Although I helped create the decision making process used in the Rainforest Lab, I often felt alienated and uninspired in that task.  Since we’ve been utilizing the system for about 8 months now, and in the wake of the elections, I feel a pull to describe the system we designed. I now appreciate the impact an effective decision making process has had on our community, and hope to inspire the co- creation of new systems that can impact more and more people.

                I believe the binary thinking that’s part of my conditioning stifled my capacity to collaborate on creating a new way of making decisions. I’m turned off by domination hierarchies, because I’m into shared power, and I’m not so into consensus because I value efficiency. I know that there’s the possibility for consensus to be efficient and I know that it’s possible to share power even when systems are designed to separate and control. But what would it look like to design a system for both? We are certainly still playing with the design, but I think we are on to something with the system we have created. This system is inspired by Holacracy and the work of Frederic Laloux.

                A principle that seems essential to me for the system to work for us is responsibility to the Whole. In her recent blog entry, A Nation Divided with Liberty and Justice for Few, Miki Kashtan says this: We are expected to vote from a place of being passive spectators, without full engagement, certainly without getting to the needs we have and being able to make choice from them, and without connecting with others to forge collaborative and creative paths. This, and the idea of checks and balances, are both foundational elements of liberal democracies. They presume the very notion of human beings that is at the root of capitalism and classical economics: a self-interested, rational person, who could not possibly be thinking about the whole, only about their own interest. When all are doing that, with little mutual-influence or coordination, the result is supposed to yield wisdom, both economically and politically. It doesn’t.

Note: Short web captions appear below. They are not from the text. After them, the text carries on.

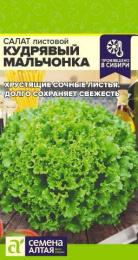 Салат листовой Кудрявый мальчонка 0,5г цветной пакет Семена Алтая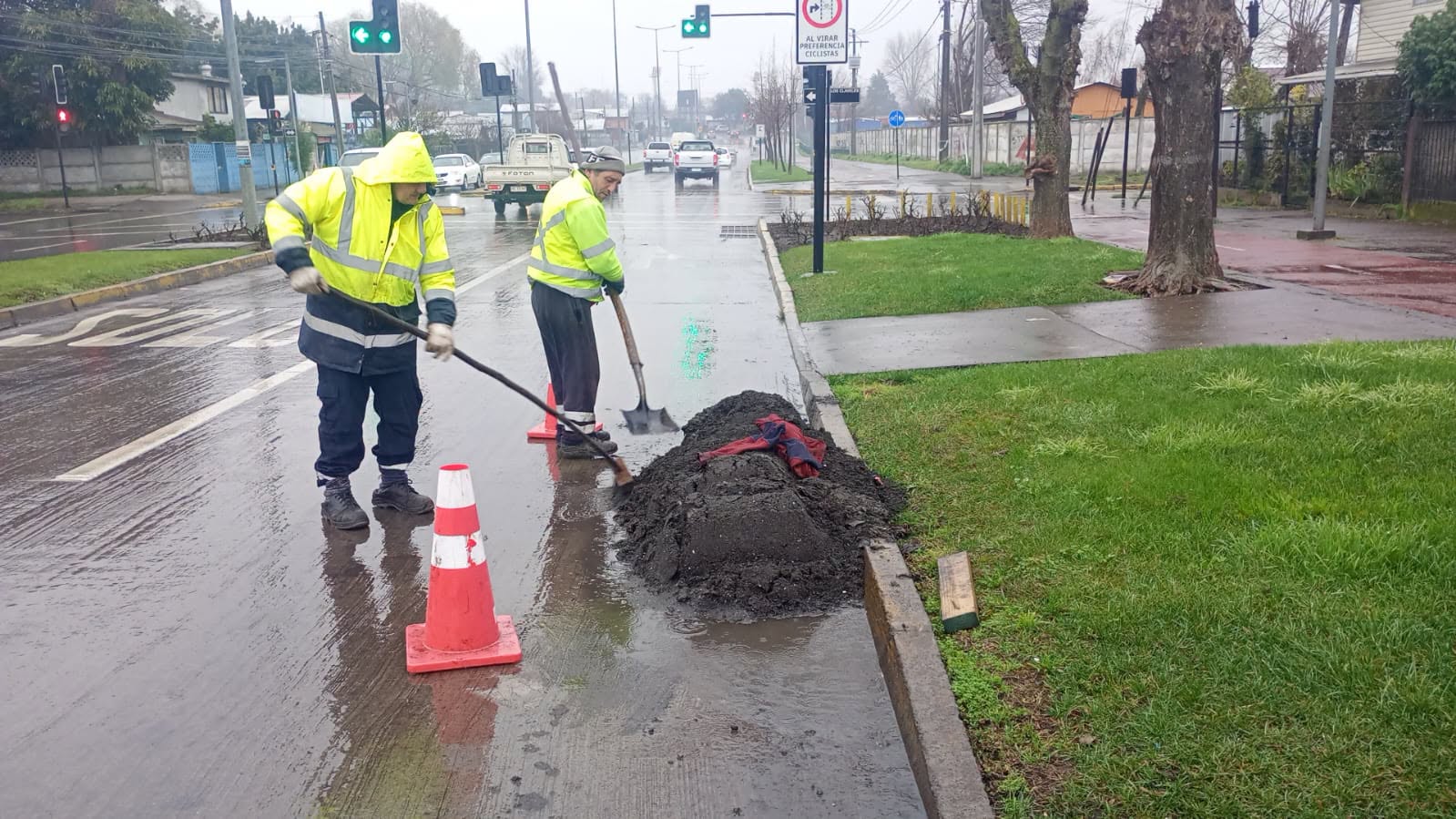 Reporte Municipal: Los Ángeles registra caída de árboles y voladuras de techos tras sistema frontal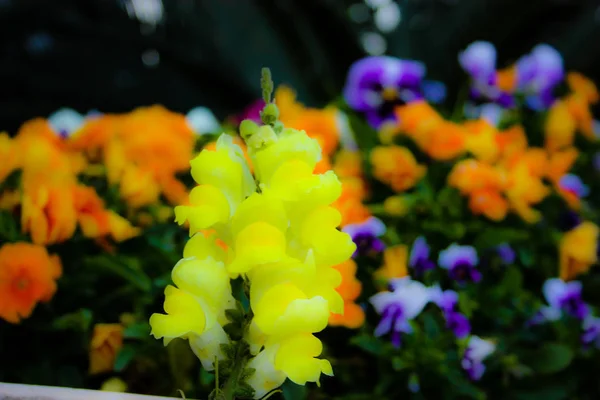 Zbliżenie Kolorowe Kwiaty Jerozolimy Izraelu — Zdjęcie stockowe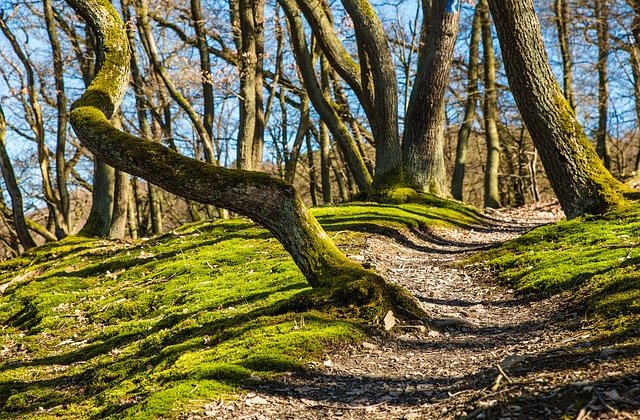Padurile private mai mici sau egale cu 30 de hectare, pazite din bani publici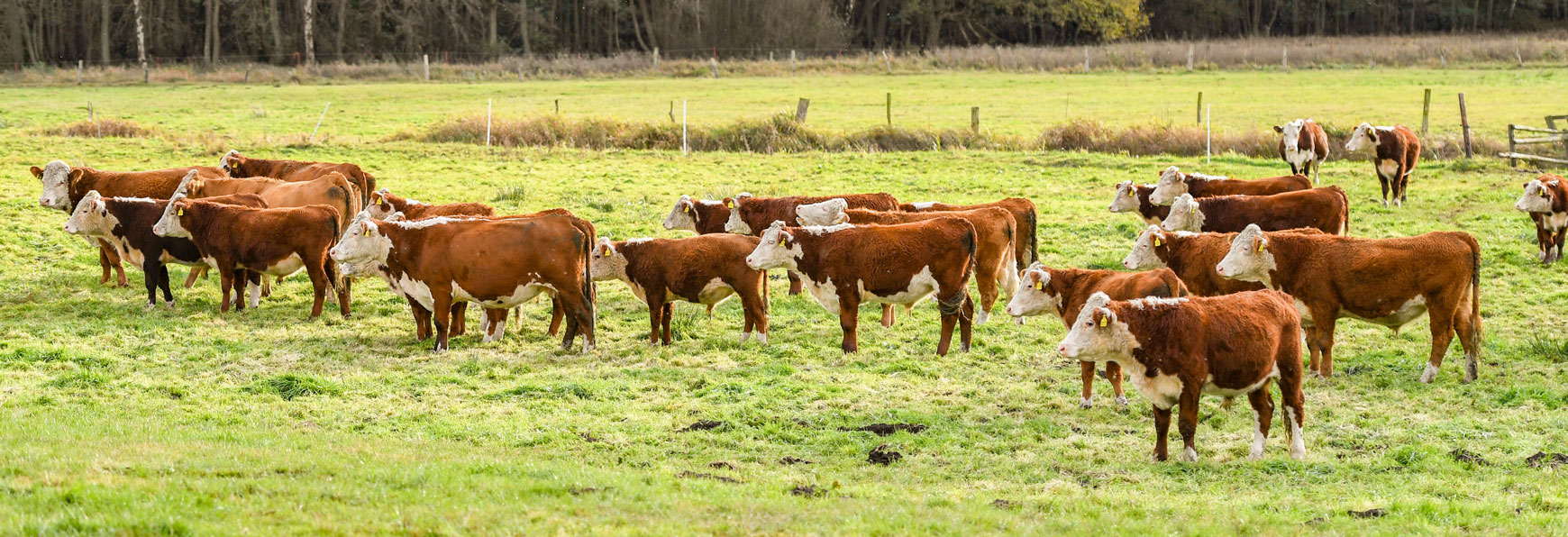 Unsere Hereford Herde 2020 / Thorsten Schneider, Vielbauch.de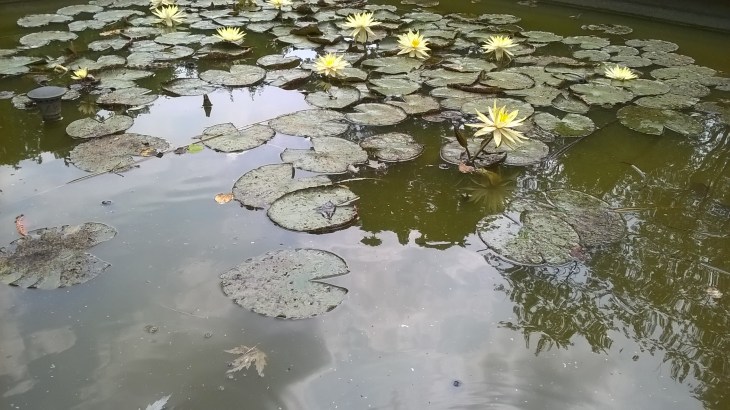 WP_20170709_14_08_53_Pro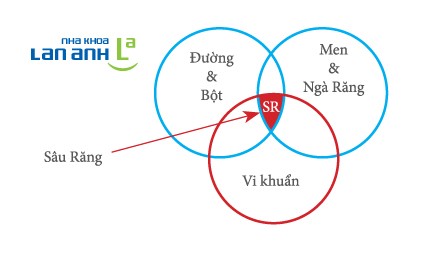 Cac yeu to dan den sau rang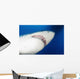 Male Great White Shark Wall Decal Design 1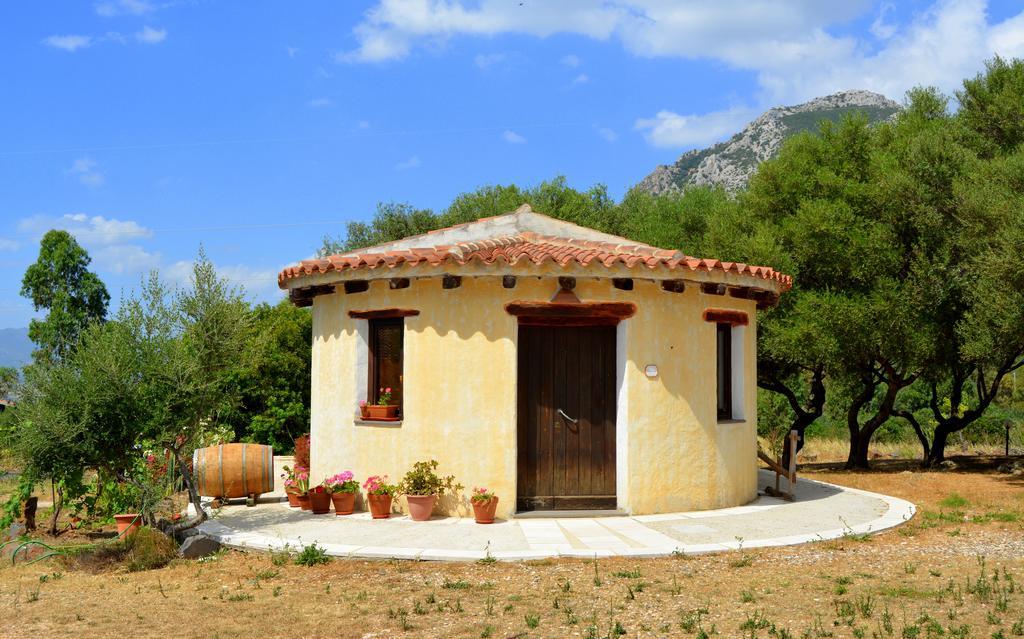 Agriturismo Rubinu Galtellì Quarto foto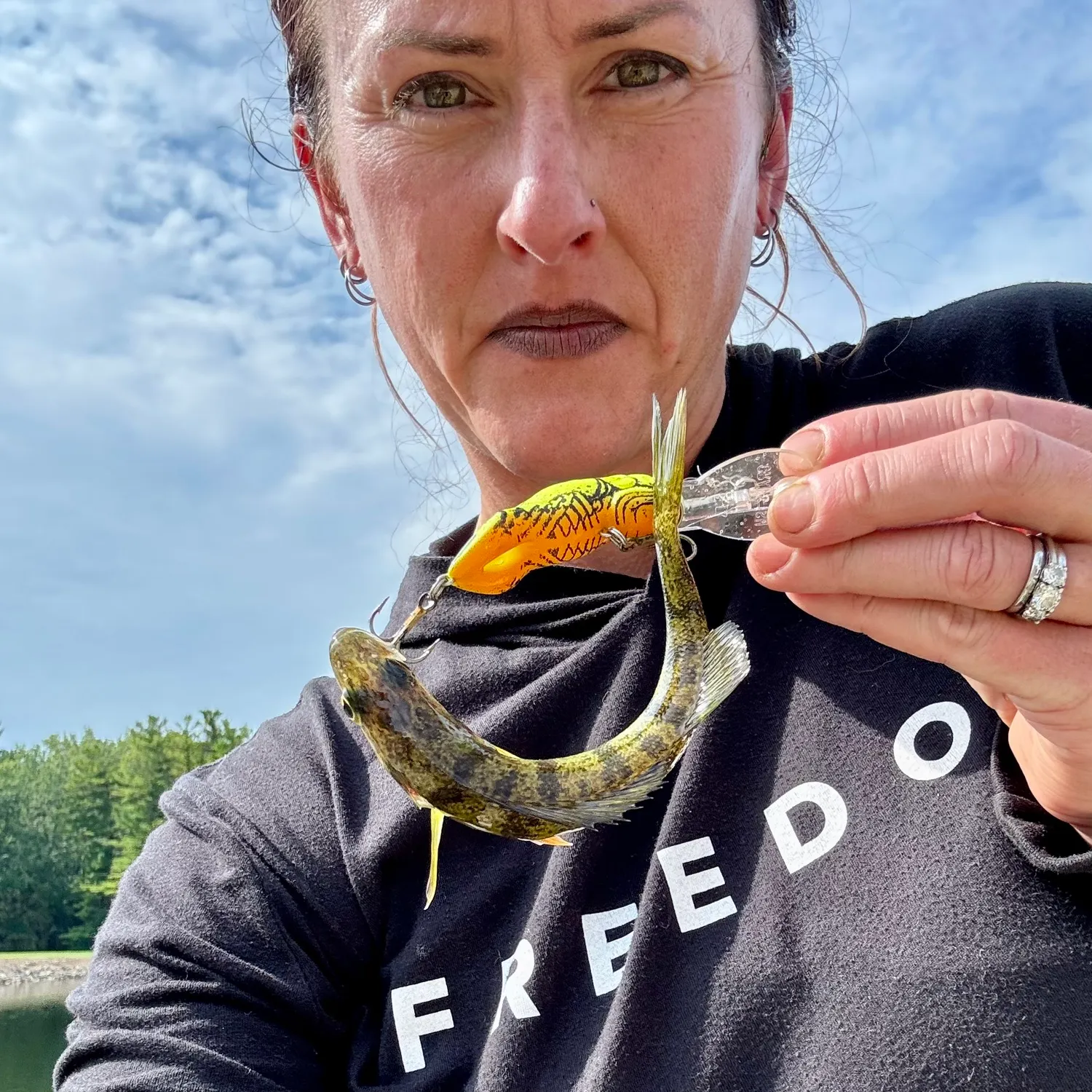 Yellow perch caught on Fishbrain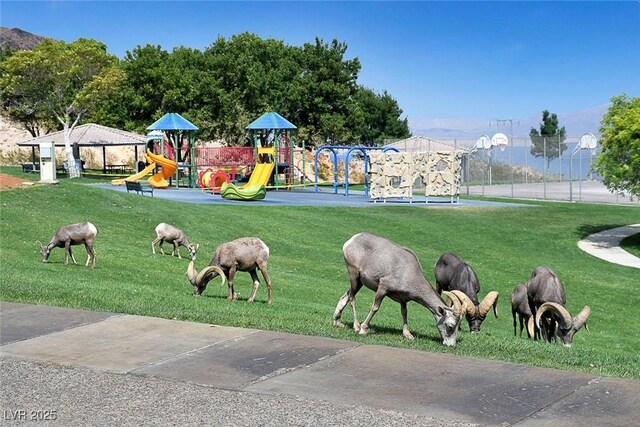 532 Greenbriar Pl, Boulder City, NV 89005 - community playground with a lawn
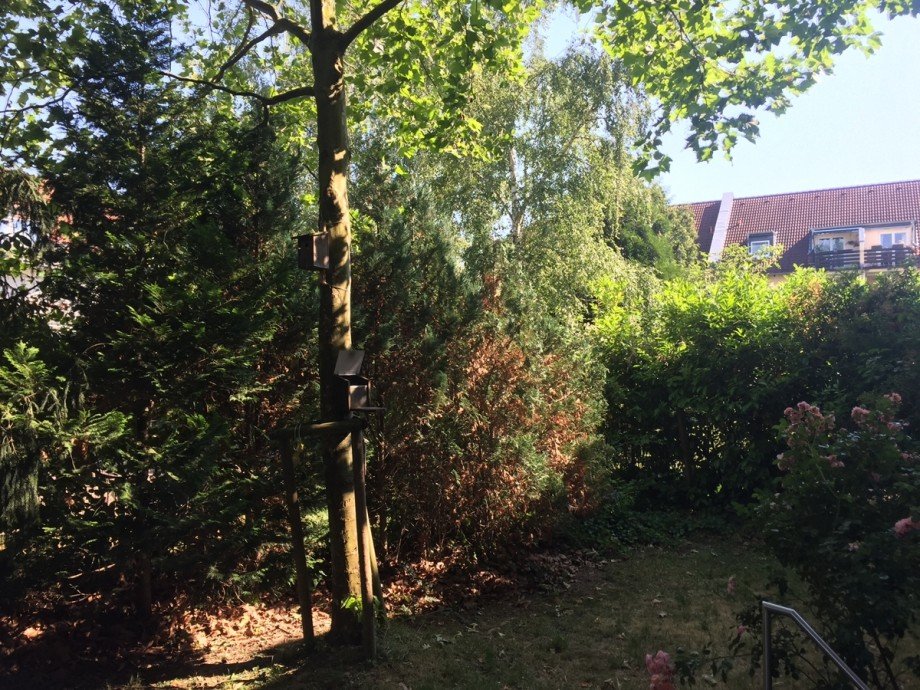 Blick vom Balkon Erdgeschosswohnung Bonn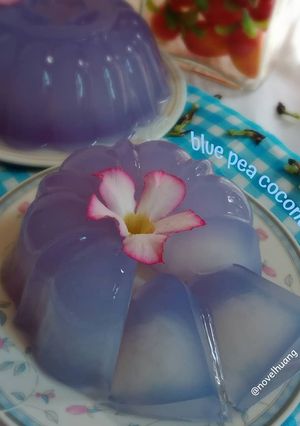 Foto resep Blue pea coconut pudding (pudding bunga telang kelapa muda)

                How are we systemically empowered by our decision making process to take responsibility for the whole in our community?

We frame our community as the Super Circle within which are sub- circles that are created as needed. They are, according to our constitution, “Microcosms of community engagement and collaboration.” A principle at play within these subcircles is dynamic steering. Our constitution says this about dynamic steering: Circles evolve dynamically as needed. Any circle can be created or dissolved at any time, or members can join or leave circles as new information arises. Present needs or tensions are what matter.

                Reading this principle I notice some amazement at how simple and effective this principle is at allowing us to meet each other in the present. This seems so different to me from experiences I’ve had with consensus and domination hierarchies. The difference is that the structure is designed for aliveness and responsiveness.

 I use our decision making process to tap into our collective wisdom for decisions in a multitude of areas. Should we switch the goats over to eating comfrey while we milk them, instead of alfalfa? How many volunteers are we available to host this month? At one level, the decisions are made through an advisement process, which means ultimately I do with the advice what I want. I decide to ask for advice, or move from another level of our decision making system based on the answers to these three questions: How is this choice connected to my personal and our collective purposes? Who or what might be impacted by my decision? What level of impact might this decision have?

 

 

If I find that the decision might have a medium or high impact on the community, I might utilize one of the other decision making processes we have created. If you are interested in learning more about these processes, please reach out!

                Ultimately, I’m happy to invite you to live the three questions I shared. I define leadership as caring for the Whole. I hope these questions support you in making decisions embodying this type of leadership.